**Task goal**. From the line with "Please note that" to the line with "So whatever function", output every line below exactly, both ends included. Skip the pictures.

(Entries taken from a collection)
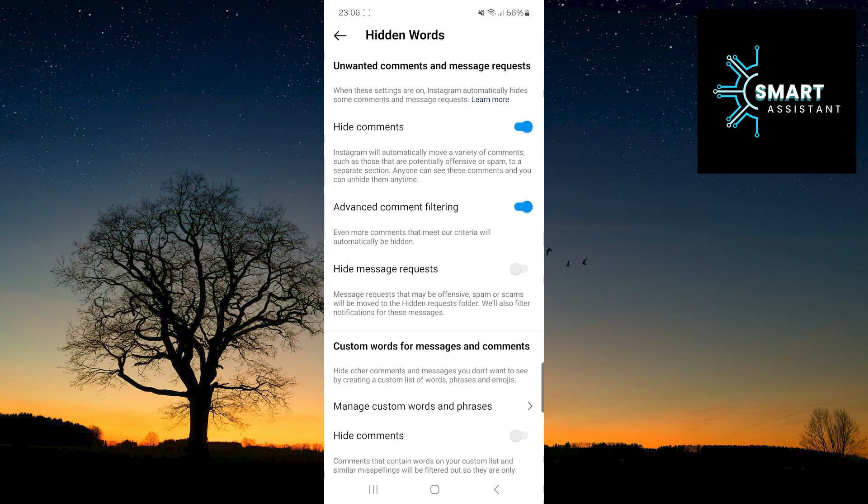Now, simply tap on the switch for the hide message requests option to activate it. That's it! I hope this video was helpful.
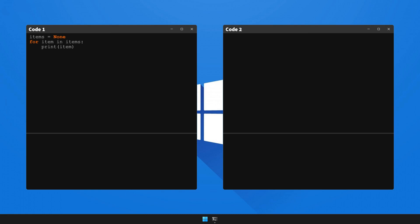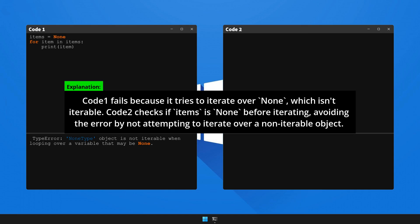Let's now execute code 1 to generate the error and observe the outcome. Here's the explanation and solution to the bug. Please pause the video to read the explanation.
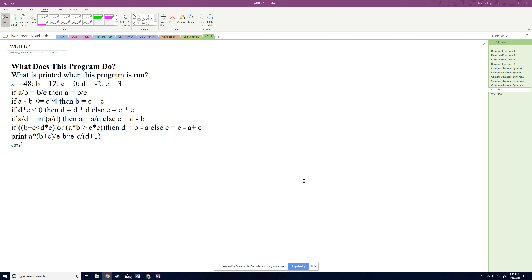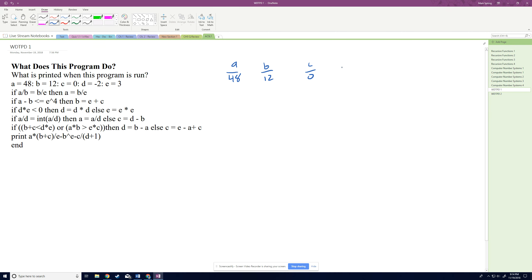Let's take a look at what this program does for the first ACSL problem. It gives us some initial values for variables, and then we go through a series of if-else statements, and what we're printing at the end is what we're going down to. Our initial values are: a is 48, b is 12, c is 0, d is negative 2, and e is 3.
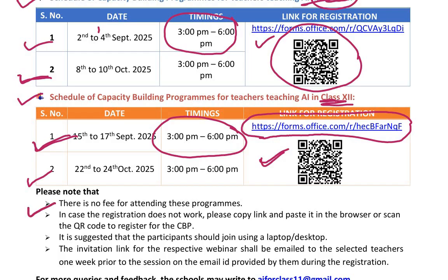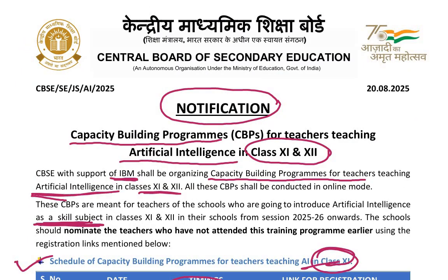Please note that there is no fee for attending these programs. It is suggested that all participants join using a laptop or desktop. The invitation link for the respective webinar shall be emailed to the selected teachers on the email ID provided during registration. CBSE has requested all schools to register their teachers teaching AI in class 11th and 12th for these capacity building programs. Thank you very much.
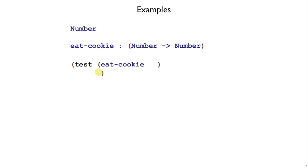So whatever function you have is going to be open paren the name of the function. Again, when we're writing an example, we've had no choices so far. We had open paren test, open paren the name of the function that we're testing. Here's where we have a choice, though.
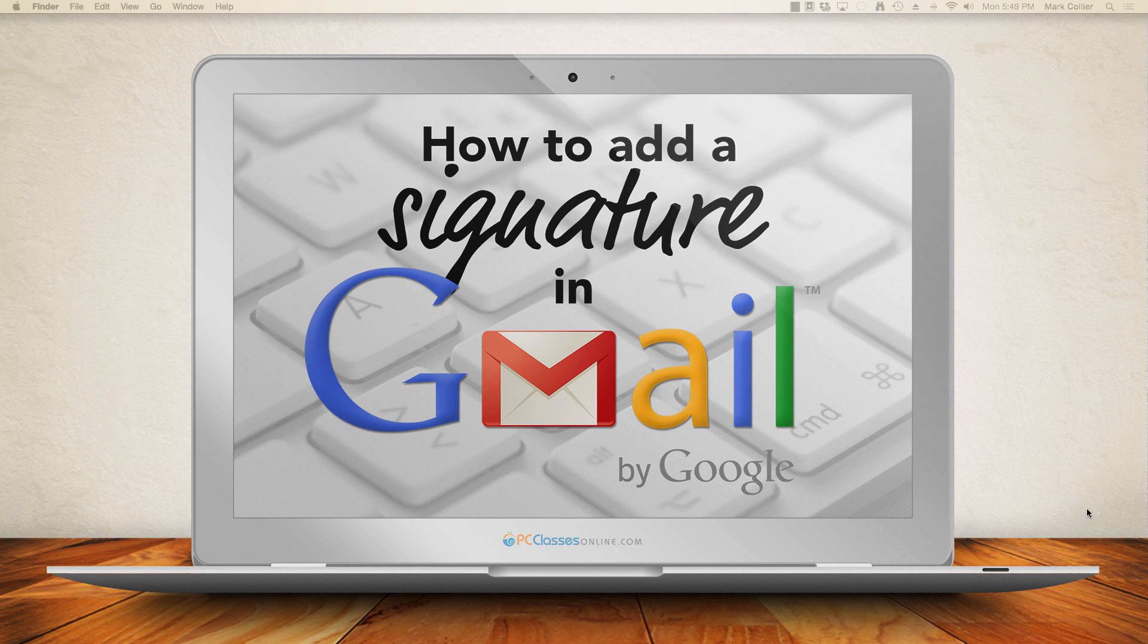Hey everybody, Mark from PCClassesOnline.com here today to show you how easy it is to add a signature to your Gmail.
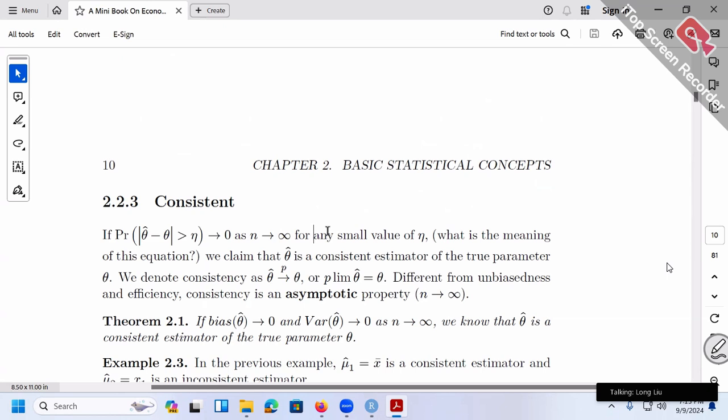Some technical points here: the difference between theta-hat and the true theta could exist, but hopefully as the sample size gets bigger and bigger, their difference gets smaller and smaller — they close to each other. Remember the example I showed last time: the sample average. When our sample size increases from 10 to 100 to 1,000, our sample average's performance becomes better and better, getting closer and closer to the true value. So when sample size increases to infinity, the difference between theta-hat and the true theta shrinks to zero. That's the idea of consistency.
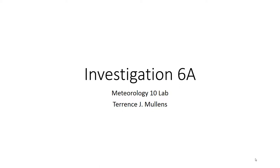All right everybody, welcome to Investigation 6A. On this investigation we're going to be talking about what happens to air as it rises in the atmosphere, specifically how it aids in the formation of clouds.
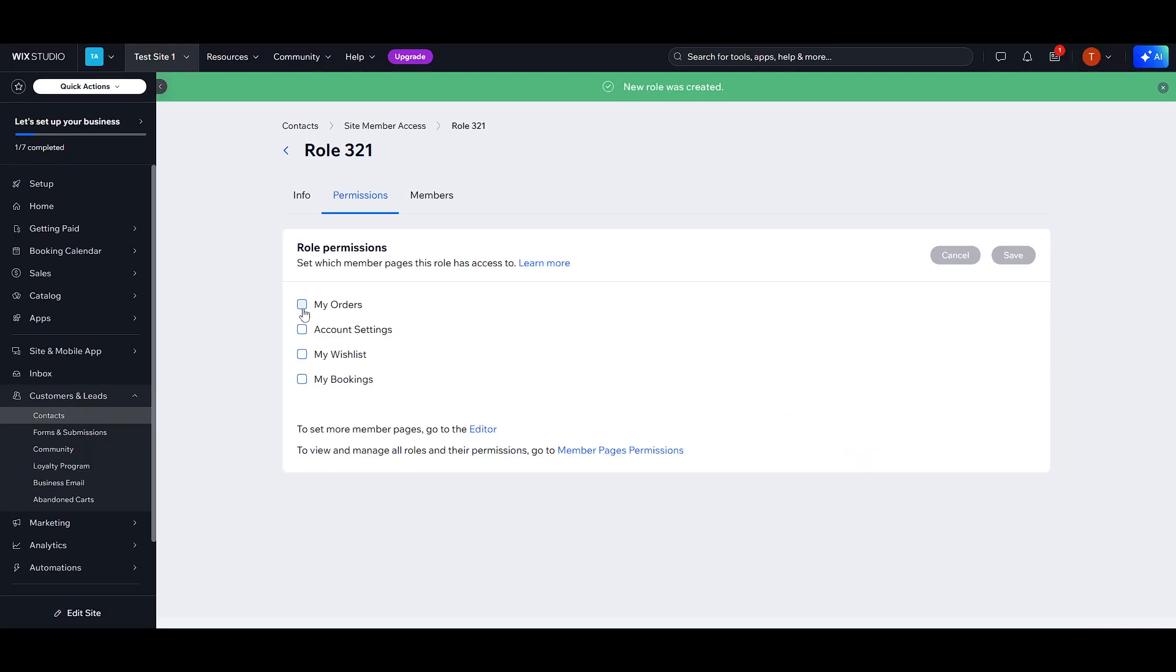Your members area is ready to go. With these steps, you've effectively set up a specialized section for your website's members, offering a dynamic and personalized experience.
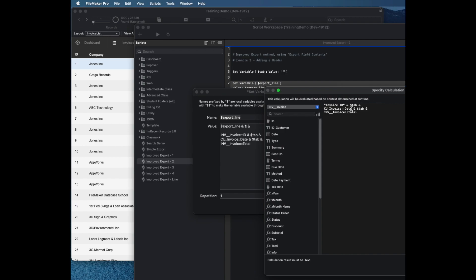And then invoice date, again, I can also do that. And make more typos. And then the total amount, what I might want to call that one is invoice amount, or just maybe amount. And I could just put that in plain text. And now that is going to make that header.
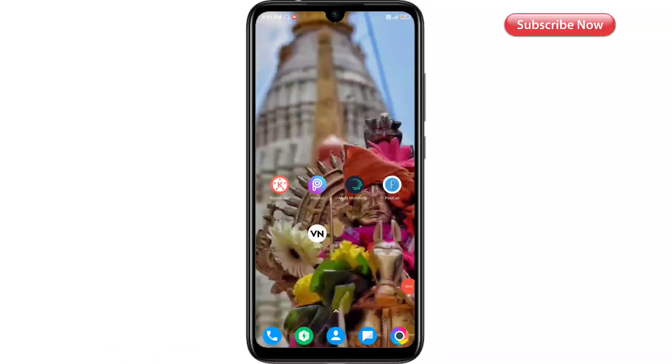Hi friends, Namaskara. I'm MK Studio Canada editing YouTube channel. Friends, I'm going to show you a demo.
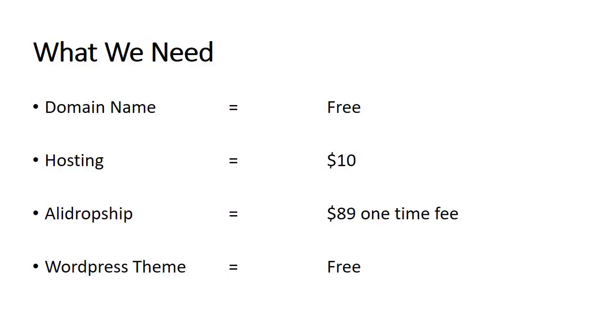In order to start a successful dropshipping website, there are a few things that we need. Just like any other business, you need to name your business and you need a space where you can do your business.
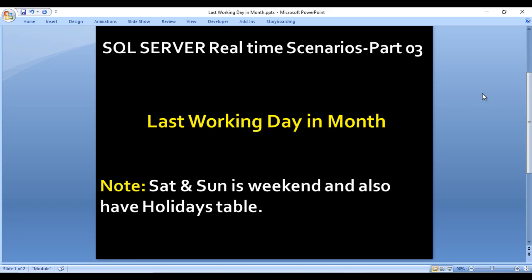Welcome to this video. This is part three of SQL Server real-time scenarios. Today we are going to see how we can get the last working day in a month. Saturday and Sunday will be the weekends, and we also have a holiday table where holidays are listed. We need to handle the case where the last working day falls on a holiday — the previous day should then be the last working day. Similarly, if the last day of the month falls on a Saturday or Sunday, the previous Friday will be the last working day.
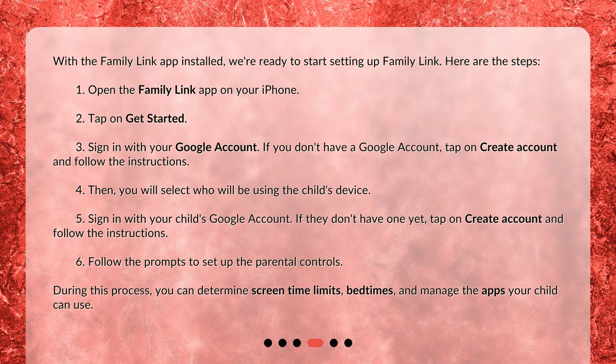Then, you will select who will be using the child's device. Sign in with your child's Google account. If they don't have one yet, tap on Create Account and follow the instructions. Follow the prompts to set up the parental controls. During this process, you can determine screen time limits, bedtimes, and manage the apps your child can use.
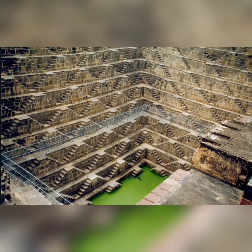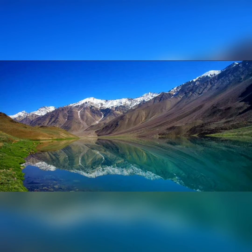Rainwater harvesting is one method which was utilized during that time and which is also adopted by modern society. The Rijwani system is one system where water percolates through sand.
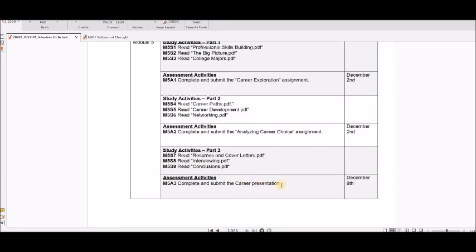December 8th is the last day I accept anything. Grades are due the very next day, December 9th, so this is not something you can procrastinate on. Everything has to be completed by December 8th — you're welcome to finish earlier.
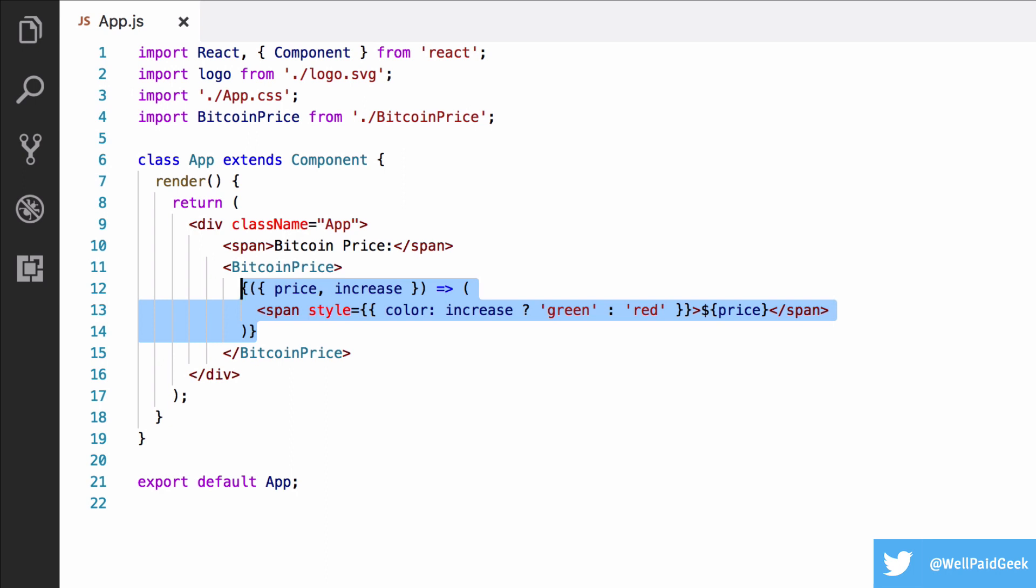But when you have a massive component there instead of just a span or a lot of React elements there, it starts to get very messy. But where it gets really bad is if you have multiple in a file, and it can start to get very ugly.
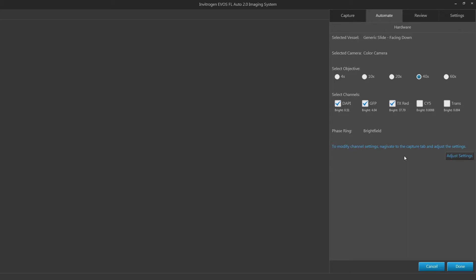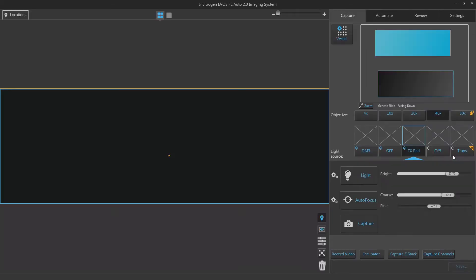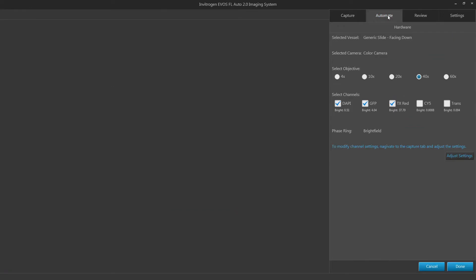If adjustments to the channel are needed, click on the adjust settings button to be brought back to the capture tab. Go back to automate to resume creating your scan routine. Click done to save your settings.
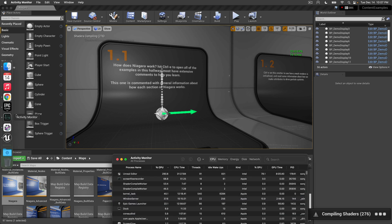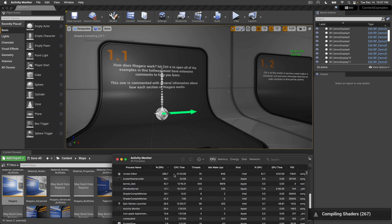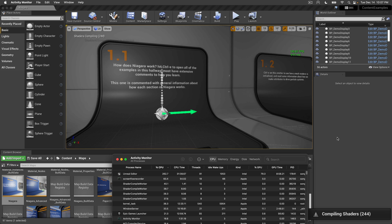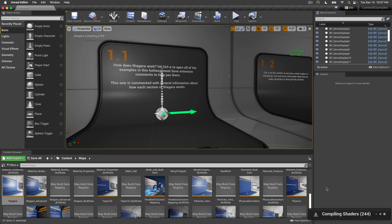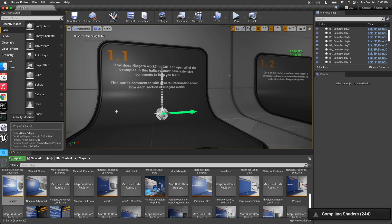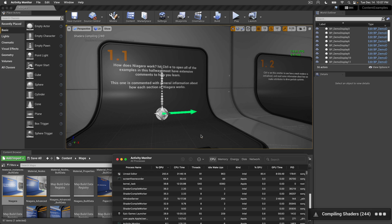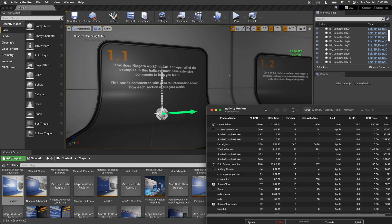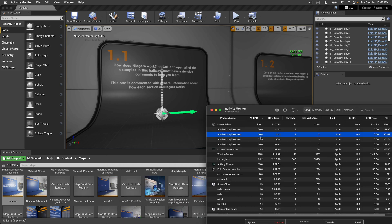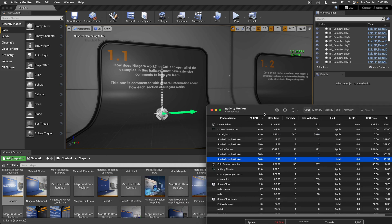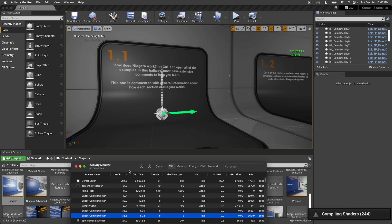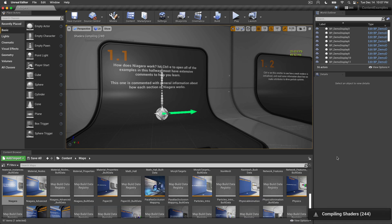While we're compiling shaders, the FPS usually drops a lot because we're using a lot of CPU time just to compile shaders. By the way, before you ask, yes, the shader compilation goes through Rosetta, so it's not native.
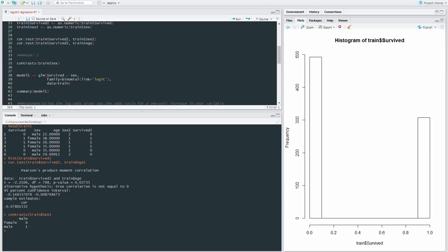and assign to model one the function of GLM, which stands for generalized linear model. Survived, which is our outcome variable, split between or predicted by sex.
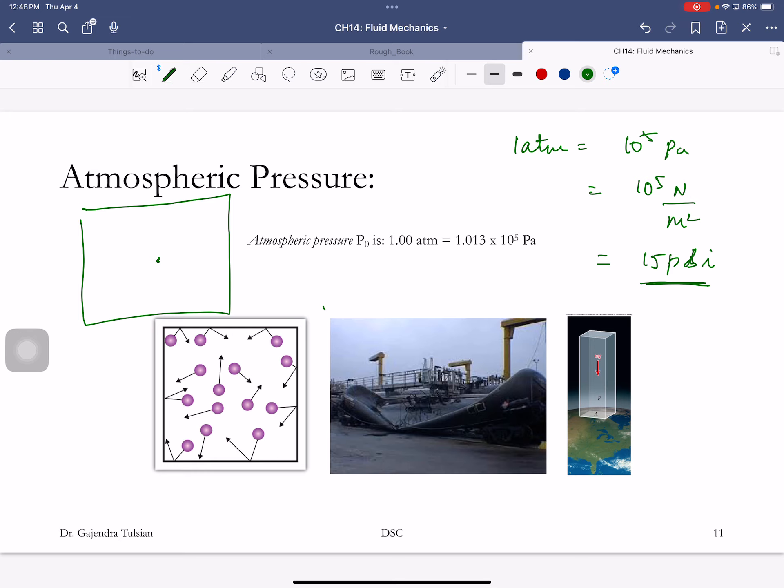To make it more concrete: a sheet of paper that is 10 inches by 10 inches is 100 square inches. The force the atmosphere is exerting on this page is 1500 pounds. So why isn't it flying off? There's an exactly equal and opposite force on the other side.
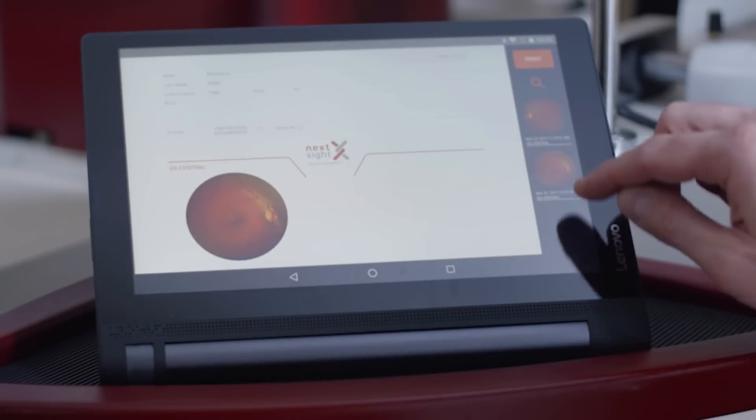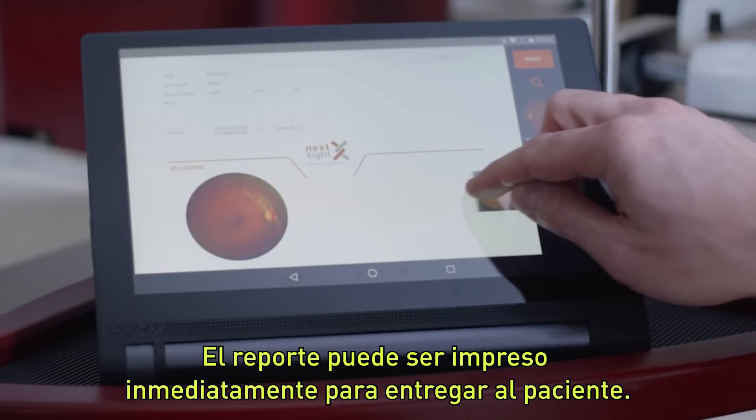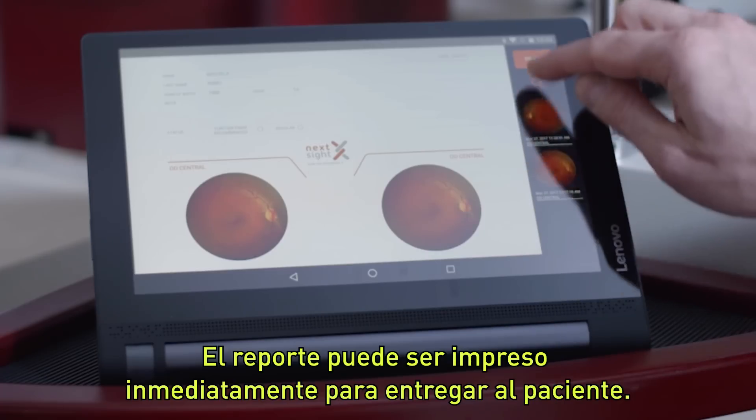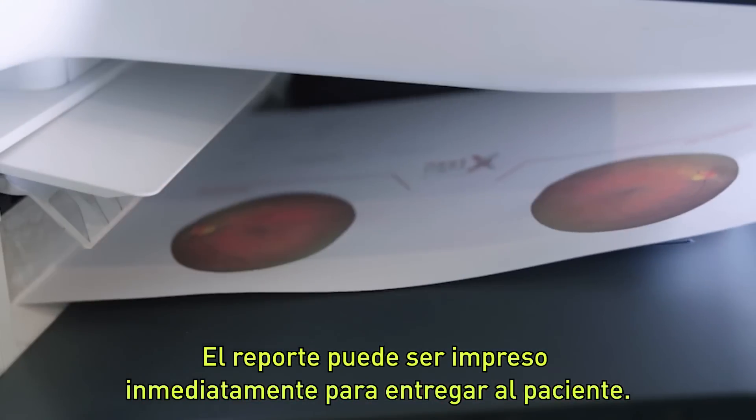Once the results of the examination have been acquired and evaluated, the report can be printed via the tablet and passed on to the patient.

**Written answer**.
Please note that there is no fee for attending these programs. It is suggested that all participants join using a laptop or desktop. The invitation link for the respective webinar shall be emailed to the selected teachers on the email ID provided during registration. CBSE has requested all schools to register their teachers teaching AI in class 11th and 12th for these capacity building programs. Thank you very much.
So whatever function you have is going to be open paren the name of the function. Again, when we're writing an example, we've had no choices so far. We had open paren test, open paren the name of the function that we're testing. Here's where we have a choice, though.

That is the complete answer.